Aim of the task
When the line with "На кухне есть" appears below, start repeating lines exactly, and keep going through the line with "100 Algonquin Rd 13, Narragansett, RI 02882"; add nothing outside that span.

▼

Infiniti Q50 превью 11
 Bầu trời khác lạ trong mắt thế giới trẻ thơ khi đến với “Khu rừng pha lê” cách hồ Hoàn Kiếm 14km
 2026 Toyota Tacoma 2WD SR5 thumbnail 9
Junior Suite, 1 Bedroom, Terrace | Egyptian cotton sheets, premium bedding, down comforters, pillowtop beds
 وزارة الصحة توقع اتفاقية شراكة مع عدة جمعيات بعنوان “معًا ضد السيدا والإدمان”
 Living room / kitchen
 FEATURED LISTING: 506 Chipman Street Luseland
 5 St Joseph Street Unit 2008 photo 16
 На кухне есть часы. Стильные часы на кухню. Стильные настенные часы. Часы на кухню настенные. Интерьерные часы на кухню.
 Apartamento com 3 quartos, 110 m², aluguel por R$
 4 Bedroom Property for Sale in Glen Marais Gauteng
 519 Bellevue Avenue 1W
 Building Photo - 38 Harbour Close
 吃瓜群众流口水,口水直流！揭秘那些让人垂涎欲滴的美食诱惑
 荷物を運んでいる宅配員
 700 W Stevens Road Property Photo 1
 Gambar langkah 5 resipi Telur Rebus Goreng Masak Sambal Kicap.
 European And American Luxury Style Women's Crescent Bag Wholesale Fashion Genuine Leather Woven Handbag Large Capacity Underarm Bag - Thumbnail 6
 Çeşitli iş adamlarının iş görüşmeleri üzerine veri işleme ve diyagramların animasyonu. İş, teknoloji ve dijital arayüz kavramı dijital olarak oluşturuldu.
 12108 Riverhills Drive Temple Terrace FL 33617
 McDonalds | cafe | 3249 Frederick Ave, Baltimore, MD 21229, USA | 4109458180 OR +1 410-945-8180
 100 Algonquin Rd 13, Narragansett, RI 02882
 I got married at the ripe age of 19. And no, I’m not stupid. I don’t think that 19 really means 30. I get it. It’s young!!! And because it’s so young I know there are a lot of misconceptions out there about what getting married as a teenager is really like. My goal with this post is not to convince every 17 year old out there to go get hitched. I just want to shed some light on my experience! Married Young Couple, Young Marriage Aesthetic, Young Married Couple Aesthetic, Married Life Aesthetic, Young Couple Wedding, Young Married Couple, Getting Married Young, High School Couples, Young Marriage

▲

The answer
 На кухне есть часы. Стильные часы на кухню. Стильные настенные часы. Часы на кухню настенные. Интерьерные часы на кухню.
 Apartamento com 3 quartos, 110 m², aluguel por R$
 4 Bedroom Property for Sale in Glen Marais Gauteng
 519 Bellevue Avenue 1W
 Building Photo - 38 Harbour Close
 吃瓜群众流口水,口水直流！揭秘那些让人垂涎欲滴的美食诱惑
 荷物を運んでいる宅配員
 700 W Stevens Road Property Photo 1
 Gambar langkah 5 resipi Telur Rebus Goreng Masak Sambal Kicap.
 European And American Luxury Style Women's Crescent Bag Wholesale Fashion Genuine Leather Woven Handbag Large Capacity Underarm Bag - Thumbnail 6
 Çeşitli iş adamlarının iş görüşmeleri üzerine veri işleme ve diyagramların animasyonu. İş, teknoloji ve dijital arayüz kavramı dijital olarak oluşturuldu.
 12108 Riverhills Drive Temple Terrace FL 33617
 McDonalds | cafe | 3249 Frederick Ave, Baltimore, MD 21229, USA | 4109458180 OR +1 410-945-8180
 100 Algonquin Rd 13, Narragansett, RI 02882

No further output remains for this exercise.